** Task requirements **
Beginning at the line that contains "New Joined Body", output each line exactly through the end of the records, and drop any pictures.

** Data records **
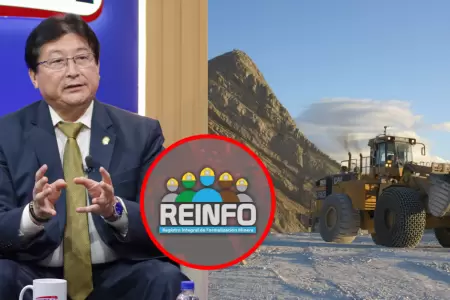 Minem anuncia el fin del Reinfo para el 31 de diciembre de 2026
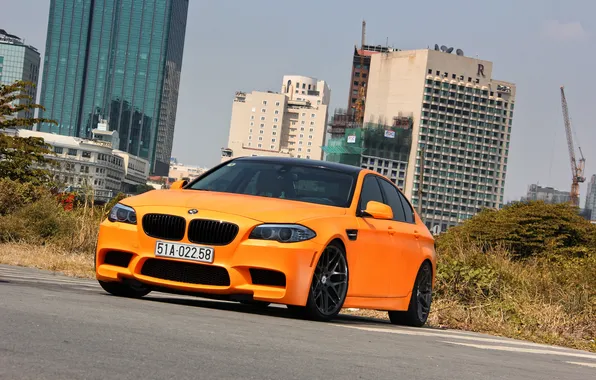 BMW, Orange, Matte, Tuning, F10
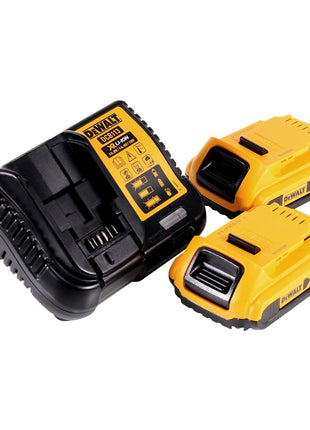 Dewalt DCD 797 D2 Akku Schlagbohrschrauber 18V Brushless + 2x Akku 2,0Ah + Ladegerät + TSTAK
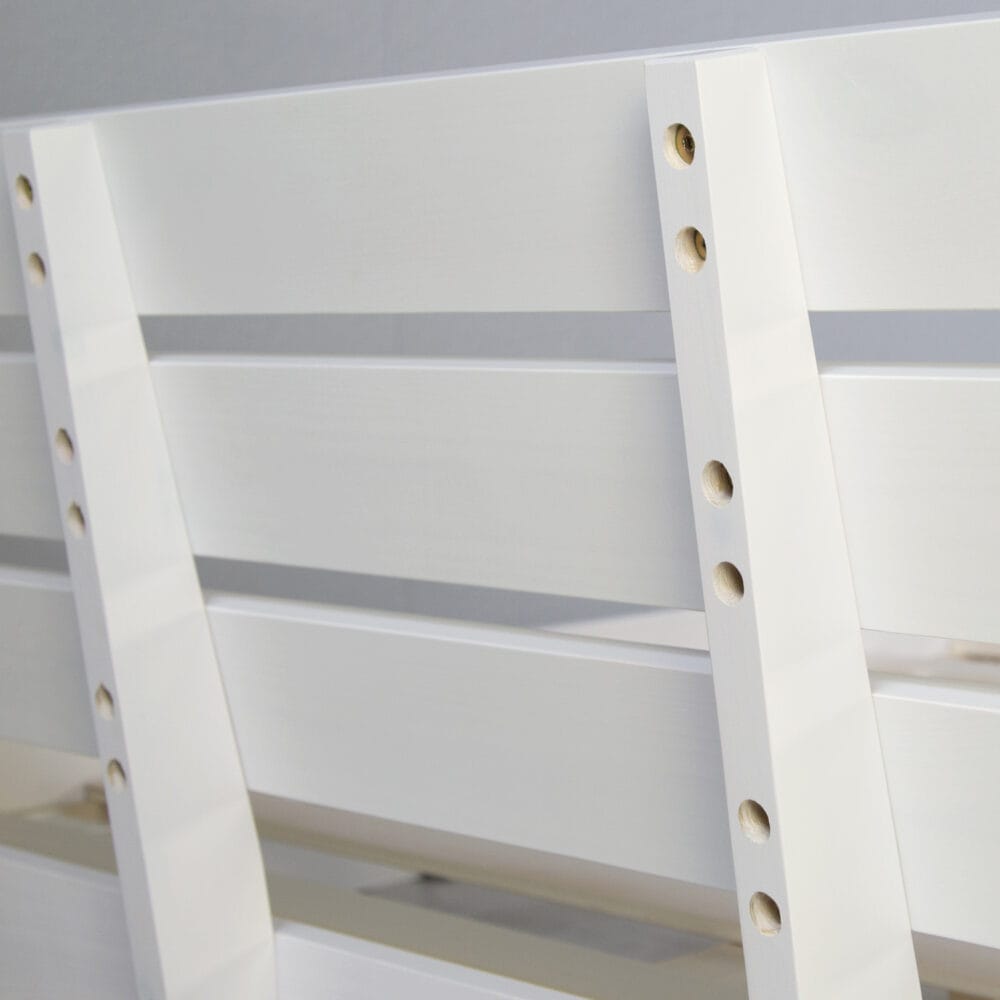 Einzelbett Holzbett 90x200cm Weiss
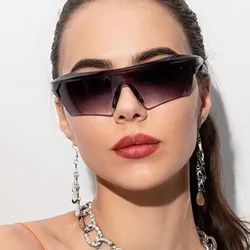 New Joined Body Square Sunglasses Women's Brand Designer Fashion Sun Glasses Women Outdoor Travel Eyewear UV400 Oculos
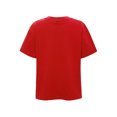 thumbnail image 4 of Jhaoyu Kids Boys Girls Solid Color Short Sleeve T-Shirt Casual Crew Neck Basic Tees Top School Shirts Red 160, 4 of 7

** Answer to this exercise **
 New Joined Body Square Sunglasses Women's Brand Designer Fashion Sun Glasses Women Outdoor Travel Eyewear UV400 Oculos
 thumbnail image 4 of Jhaoyu Kids Boys Girls Solid Color Short Sleeve T-Shirt Casual Crew Neck Basic Tees Top School Shirts Red 160, 4 of 7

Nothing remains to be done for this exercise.